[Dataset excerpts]
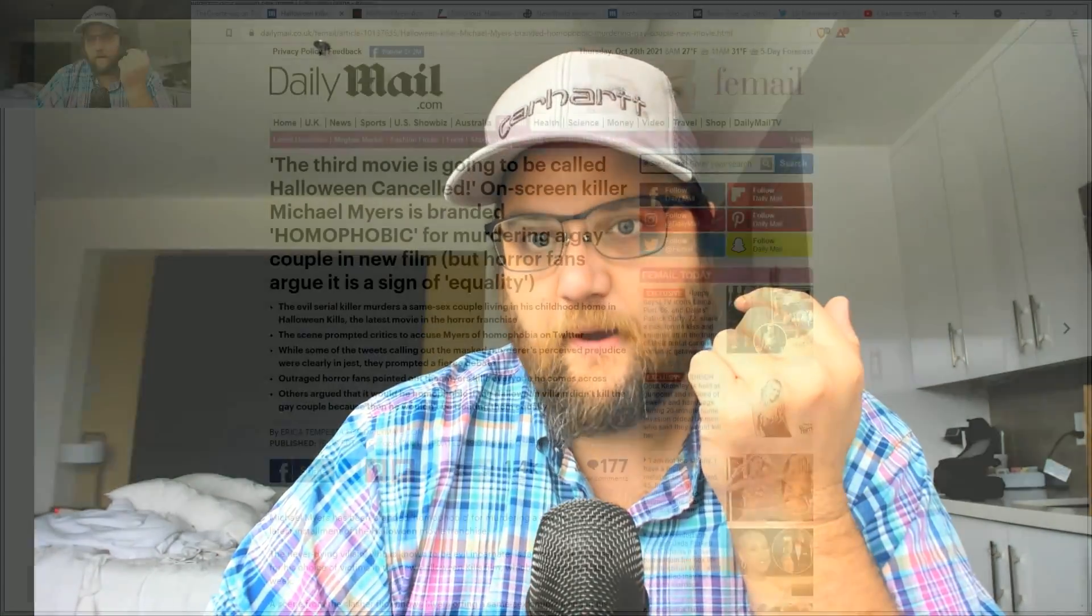Now, Michael Myers is canceled. People are calling him phobic because two people that were on the wrong end of an interaction with Michael Myers, a fictional psycho in a horror film, happened to be members of the LGBTQ community. And because Michael Myers didn't check their orientation before he dispatched them, he is, and I'm not kidding you, phobic.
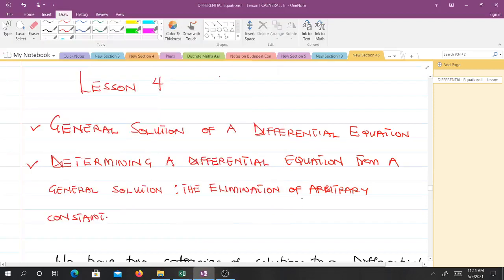Welcome to lesson 4 of our study of differential equations. In this lesson, we will talk about what we mean by the general solution of a differential equation and how to determine a differential equation from the general solution. In doing this, we eliminate the arbitrary constants.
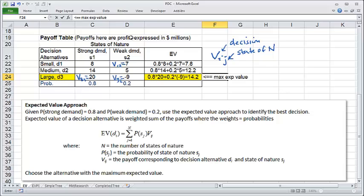Does this mean that if we build a large condominium complex, we will make $14.2 million in profit? No. It just means $14.2 million in expected value — that is, in the average sense. What we actually get is either $20 million or negative $9 million. The benefit of this method is that as we compare our alternatives, we take into account the probabilities of different market conditions and use that information to come up with a single measure for each alternative. It is a logical and systematic way of making a decision. It doesn't guarantee a good outcome — sometimes you win and sometimes you lose — but if you consistently make decisions this way, in the long run the average payoff over many decisions will be much better than if you only relied on your gut feelings.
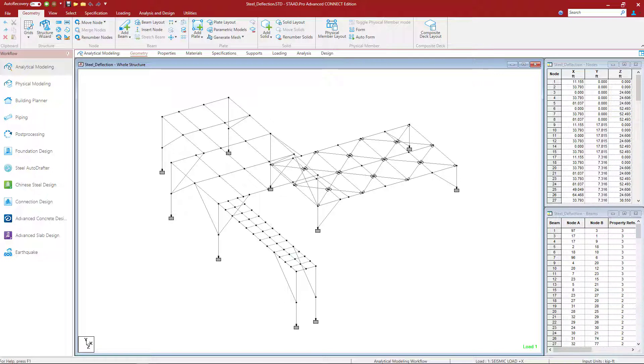Welcome to the Bentley Systems training course where you will learn how to design steel structures in STAAD Pro for both strength and deflection limit states.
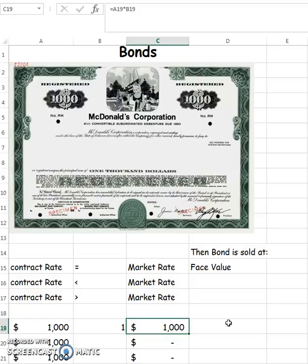However, market interest rates change daily for a variety of reasons — supply and demand, contraction of money supply, the Federal Reserve changing interest rates to do with the economy and stimulating the economy. So all these things change our interest rates, and they rarely are exactly the same as what was printed on the bond.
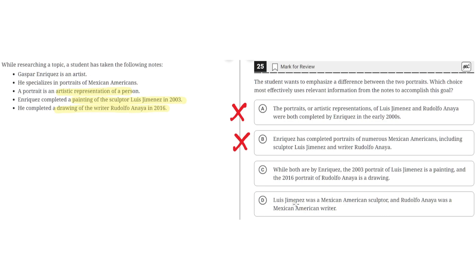Choice D says: Luis Jimenez was a Mexican-American sculptor, and Rudolfo Anaya was a Mexican-American writer. This is incorrect because it does not describe a difference between the two portraits — it shows a difference between the two people. So D is incorrect, and the correct answer is C.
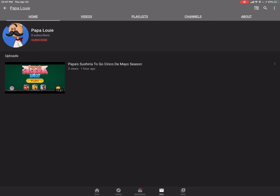Papa Louie, link's in the description. And if I can, I'll probably put the link as an end screen, probably toward the end of the video. As always, I'll see you on the next one.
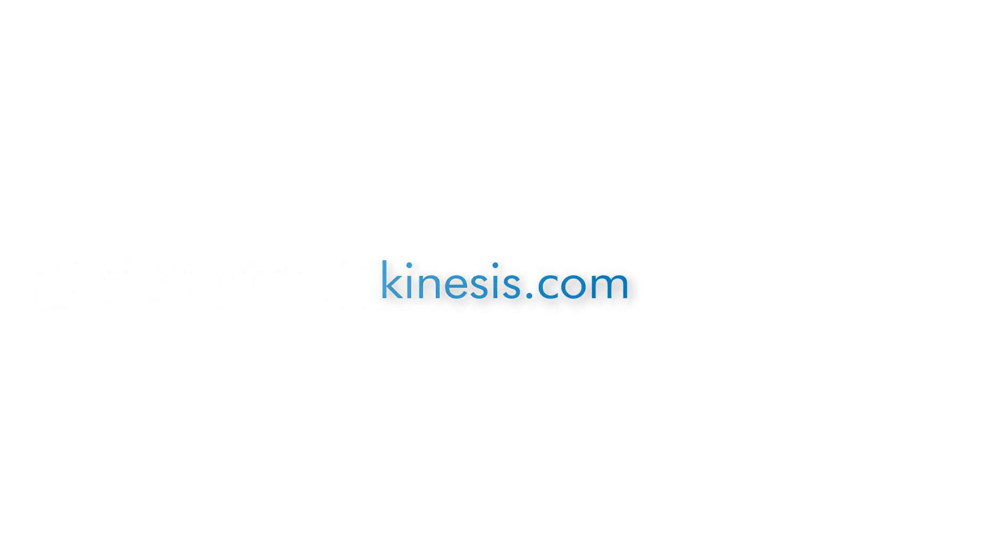To learn more about Kinesis products or find a dealer, please visit Kinesis.com.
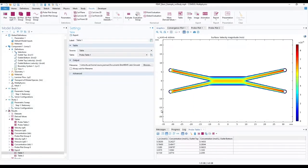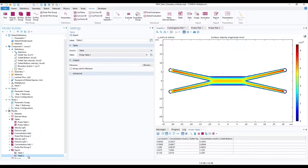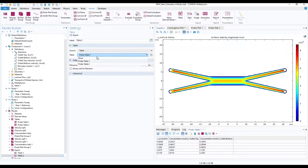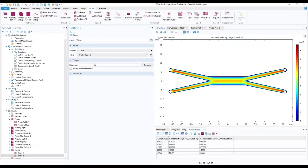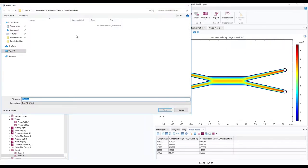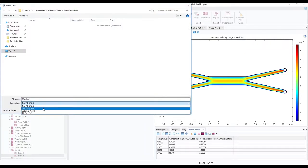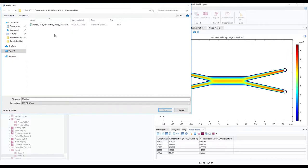Next, go to table 2 under export. In the settings window, set the table to probe table 2. Click on export. Rename and export in preferred file format.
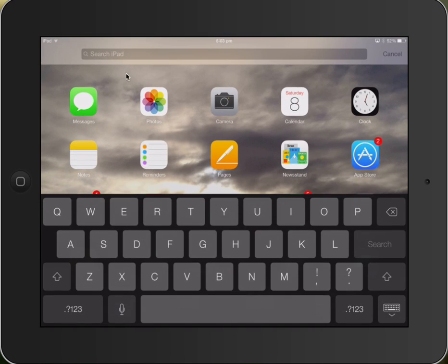When you do that you'll get a little search bar here where you can type in the name of the app that you're looking for.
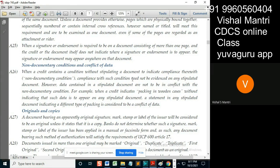Compliance with such a document need not be evidenced on any stipulated document — this is as per UCP. Now, look at this carefully: however, data contained in the stipulated document are not to be in conflict with the non-documentary condition.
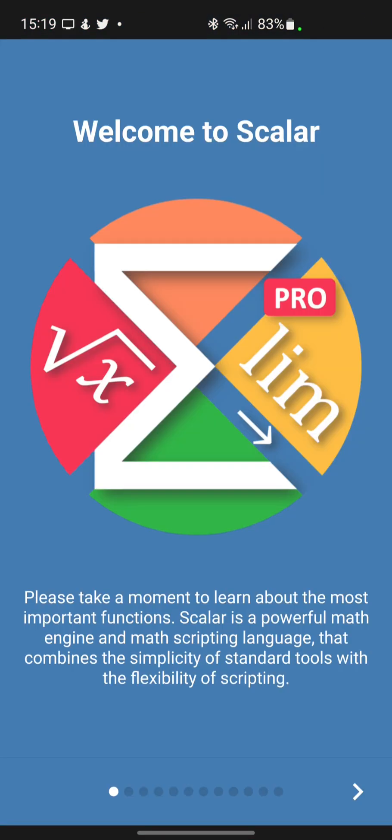Welcome to Scalar. Please take a moment to learn about the most important functions. Scalar is a powerful math engine and math scripting language that combines the simplicity of standard tools with the flexibility of scripting.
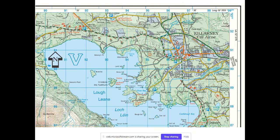Every 1 to 50,000 Discovery Series map will have a letter on it. On this one there's a big blue letter V, which is important because it helps us locate where we are on Ireland. Another map might have a blue M, or a blue S, or whatever. Now let's look at how to get the location for something on this map.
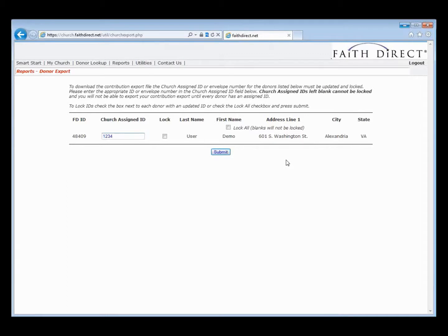The first time that you run this, you will see a list of all of the FaithDirect users, and we do encourage you to go through and check each one just this first time to make sure they're all correct. If you have a whole lot to update, you can update the assigned ID for all of them and then just click on the Lock All button, which will check all of those checkboxes. That way you can just hit Submit as opposed to having to check the box for each individual user.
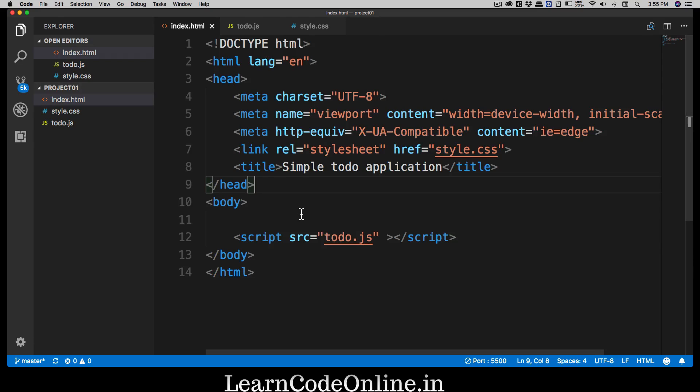Hey everyone, welcome back. Let's get started with our JavaScript to-do list application. I hope you watched the previous video, otherwise this one won't make much sense. We're going to start by writing the HTML as the front-end part, then we'll link up CSS, and then the to-do list logic.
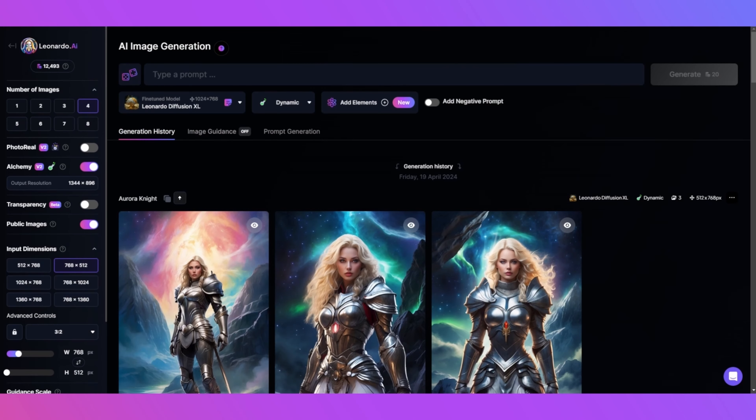Let's craft our prompt using elements from each part. Part 1: Describe the style. We'll opt for selfie style.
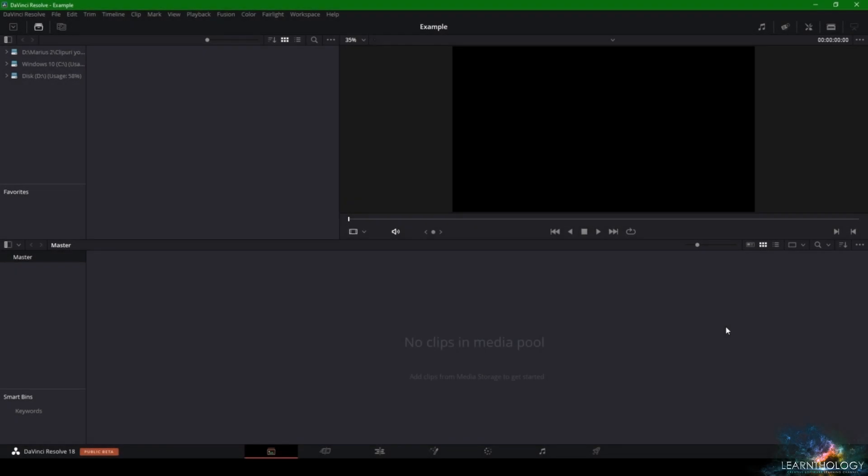Welcome back. In this video we're going to cover the Media tab. The Media tab is where you import all of your footage, and there are multiple ways in which you can import your footage.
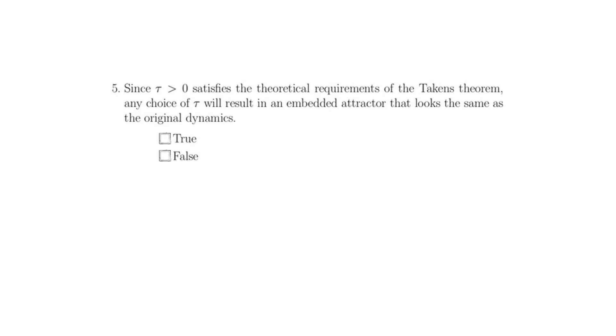Question 5 states that since tau greater than zero satisfies the theoretical requirements of the Takens theorem, any choice of tau will result in an embedded attractor that looks the same as the original dynamics, and this is also false. Even if you choose a tau greater than zero and you satisfy all other requirements of the Takens theorem, this does not guarantee that the embedded attractor will look anything like the original dynamics. We are only guaranteed that they'll be topologically equivalent.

Task requirements: Copy word for word the lines of the records above from the one with "However, market interest" up to and including the one with "Compliance with such". Skip the pictures.

Solved problem:
However, market interest rates change daily for a variety of reasons — supply and demand, contraction of money supply, the Federal Reserve changing interest rates to do with the economy and stimulating the economy. So all these things change our interest rates, and they rarely are exactly the same as what was printed on the bond.
Choice D says: Luis Jimenez was a Mexican-American sculptor, and Rudolfo Anaya was a Mexican-American writer. This is incorrect because it does not describe a difference between the two portraits — it shows a difference between the two people. So D is incorrect, and the correct answer is C.
Papa Louie, link's in the description. And if I can, I'll probably put the link as an end screen, probably toward the end of the video. As always, I'll see you on the next one.
To learn more about Kinesis products or find a dealer, please visit Kinesis.com.
Next, go to table 2 under export. In the settings window, set the table to probe table 2. Click on export. Rename and export in preferred file format.
When you do that you'll get a little search bar here where you can type in the name of the app that you're looking for.
Compliance with such a document need not be evidenced on any stipulated document — this is as per UCP. Now, look at this carefully: however, data contained in the stipulated document are not to be in conflict with the non-documentary condition.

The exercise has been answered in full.